Progression in the command hierarchy should be assured to these officers. This will end any need to look-over-the-shoulder and lend them confidence to look beyond the next confidential report. Their staff appointments must mainly be in the operations vertical, with mandatory appointments in a joint headquarters necessary for career advancement to higher levels.

For a younger leadership, longer tenures in command of formations and a longer service at senior levels, the sifting must be in immediate aftermath of command tenures, followed straight away by the Higher Command course.

Induction into the leadership cum operations stream must be done by the 16th year of service, allowing for another 20 years service for making full and best use of such officers.

Other officers would be vertically mobile through respective arms and service command hierarchy, with alternation in the staff vertical originally placed in.

Theaterisation is expected to reduce numbers of command headquarters. The integrated battle group (IBG) roll out would see a delayering in formations, with divisions being axed in favour of corps controlled brigade sized bricks of IBGs. A delayering can be done with the Area, Sub Area and Station hierarchy of headquarters.

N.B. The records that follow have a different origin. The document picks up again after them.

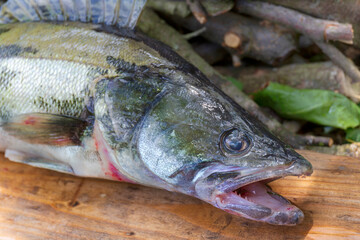 Zander and his Teeth in detail, the Fish from freshwater Deep, Sander lucioperca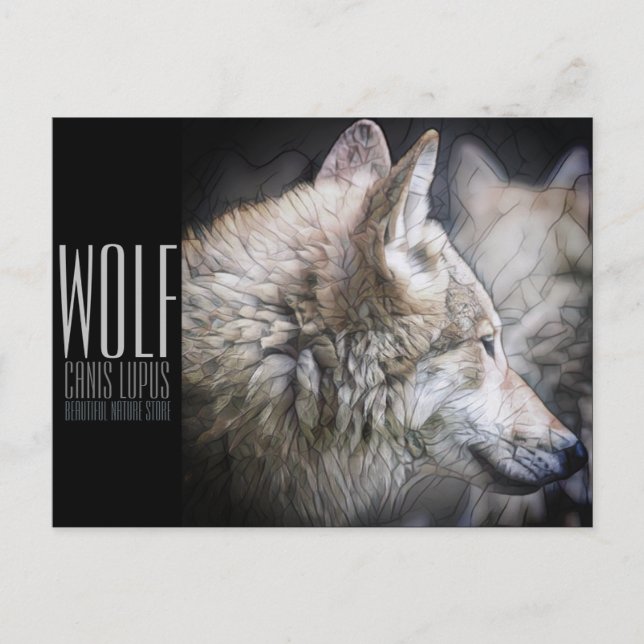 Carte Postale Wolf [Carte postale] (Devant)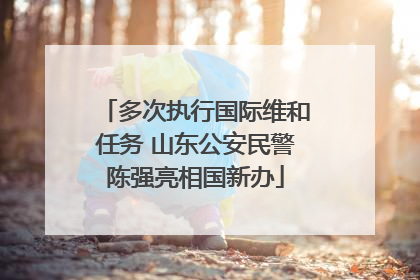 多次执行国际维和任务 山东公安民警陈强亮相国新办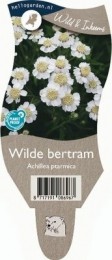 Wildebertram-Griffioen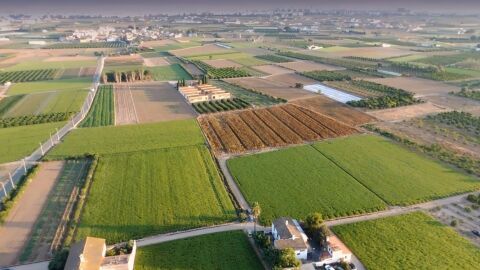 Agricultura Ecol&oacute;gica 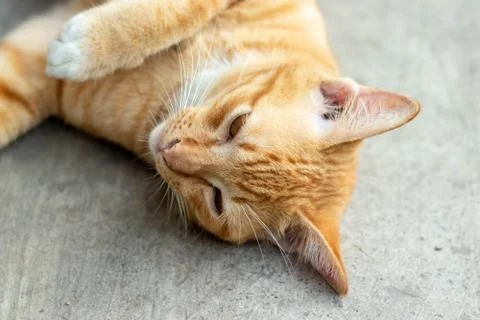 Orange striped cat Stock Photos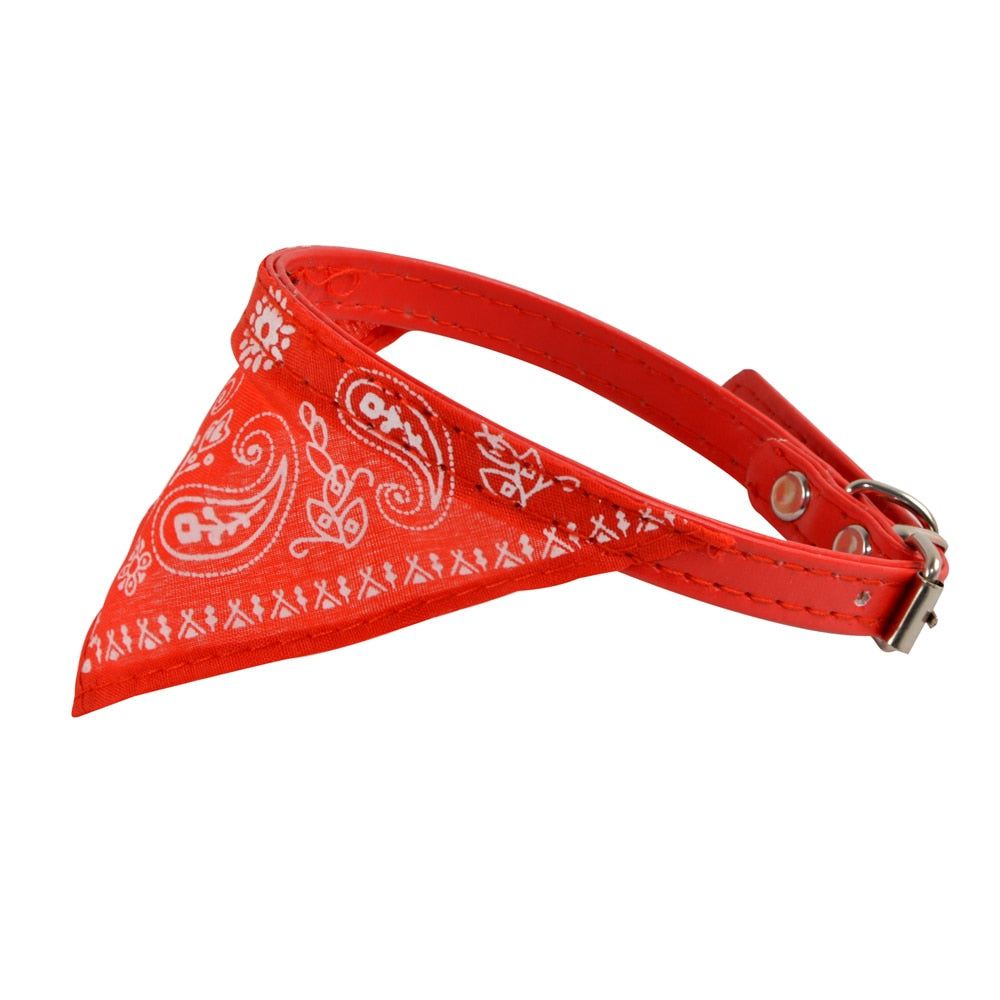 Bandana Collar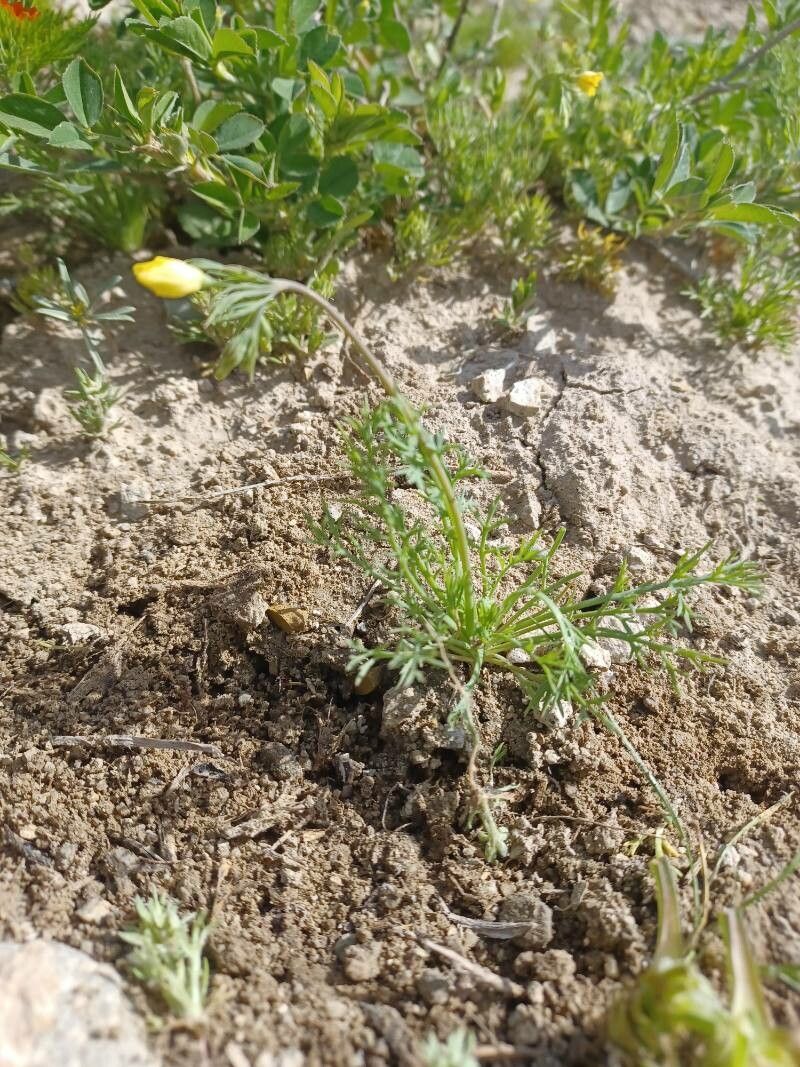 Hypecoum pendulum other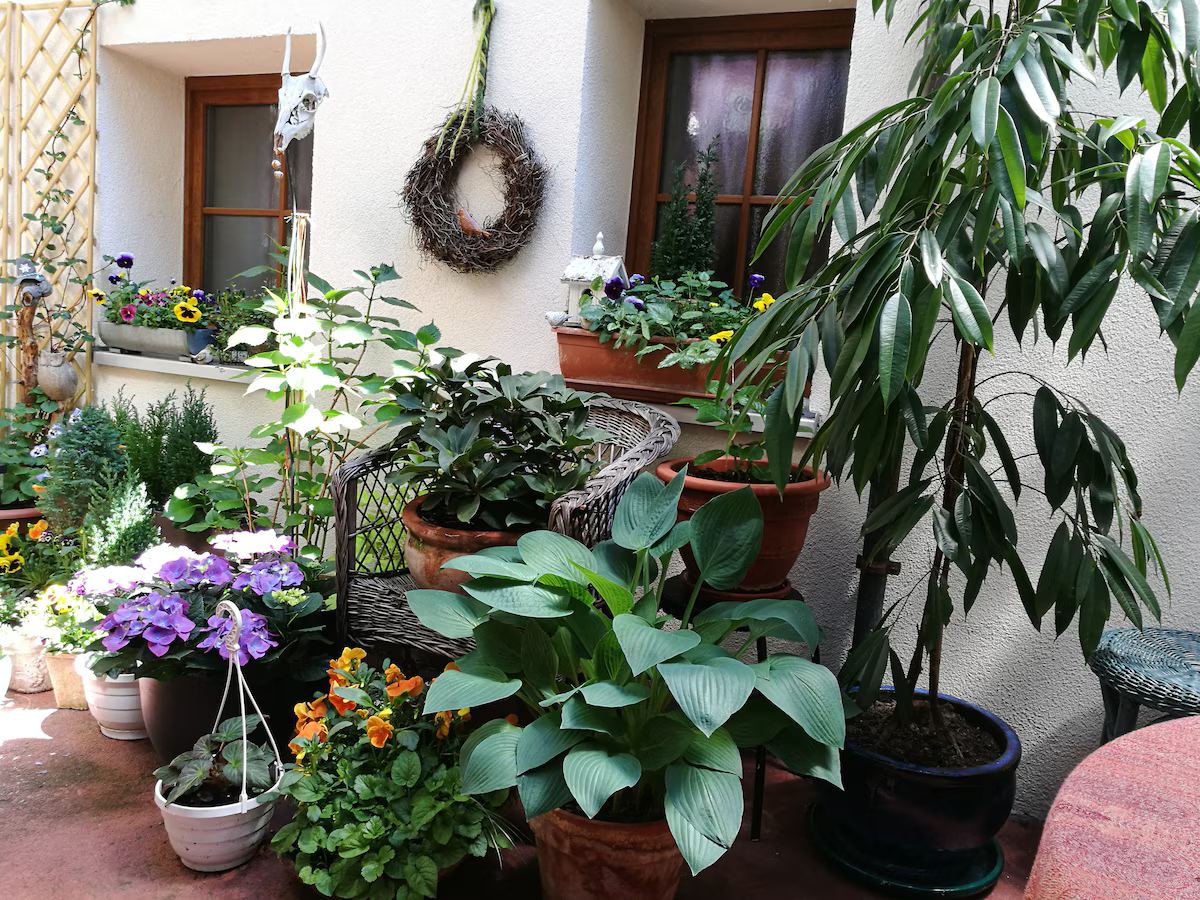 Courtyard at Ferienwohnung "Laurenzi1"-Bamberg in Bamberg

Officer numbers can accordingly be pruned by encouraging an up or out system, with surplus officers choosing to leave at pensionable years of service with due preparation for the civil street as of now.

Just as the Agnipath scheme has been affected for lower ranks, a reversion to the original intent of short service commission officer cadre should be done, with officers of this stream leaving at five years and ten years as chosen by them and only a limited proportion, duly vetted staying on.

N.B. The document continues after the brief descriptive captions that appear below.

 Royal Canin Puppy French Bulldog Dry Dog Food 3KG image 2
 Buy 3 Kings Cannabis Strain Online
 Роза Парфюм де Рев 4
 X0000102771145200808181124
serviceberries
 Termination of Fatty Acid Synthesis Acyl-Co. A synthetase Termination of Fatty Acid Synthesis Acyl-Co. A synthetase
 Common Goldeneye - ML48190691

As of now there is no discernible debate on the direction of the officer cadre, though it will not only be affected by the Transformation underway, but will be driving it.

Some hard truths necessitating change need to be faced squarely.

The officer corps is bloated. The argument in the reverse direction that the vacancies exist that need being filled is status quoist. Instead, ridding those vacancies is the need of the hour, such as by amalgamating and delayering headquarters in keeping with information technology increasing spans of control.

The hegemony of the bloated arms of higher ranks needs being broken. Rightly reckoned as Mandalisation, it is not sustainable as the earlier legitimising logic of counter-insurgency participation and deployments meriting higher pro rata apportioning for the advantaged arms is no longer valid.

Since large numbers of officers are inducted, quality control at the inception has been sacrificed. There is no way mentoring in regiments can polish the material taken in. The impending downsizing of the Army will help reduce numbers.

Let the Border Police substitute the military in border guarding. An over enthusiasm in the Northern Command and Eastern Command to have operational control over border guarding function and continuing army deployments needs revision.

Moving from a war readiness military with a deterrence by denial doctrine to being a war deterrent military with a deterrence by punishment doctrine facilitates the proposed measure.

Training and employment have to be synced. Adhocism in the Military Secretary’s branch will only then be reined in.

Tenures in some appointments such as the budget or acquisitions related could be extended to five years. End colonial era designations, viz. DAA&QMGXYZ, for the U series to designate verticals.

The higher ranks are depleting in credibility. The duration at colonel’s rank is currently a life sentence. The musical chairs in command assignments thereafter is almost comical. Take the four changeovers already in India’s most significant theatre, Fire and Fury Corps in Ladakh, since the crisis outbreak.

Due diligence must attend the officer corps reset for the twenty first century, even if already a quarter century late. Its not impossible that there is thought to such like measures already in the system, and will be foisted on the Army and country in due course, as yet another Modi masterstroke we can do without.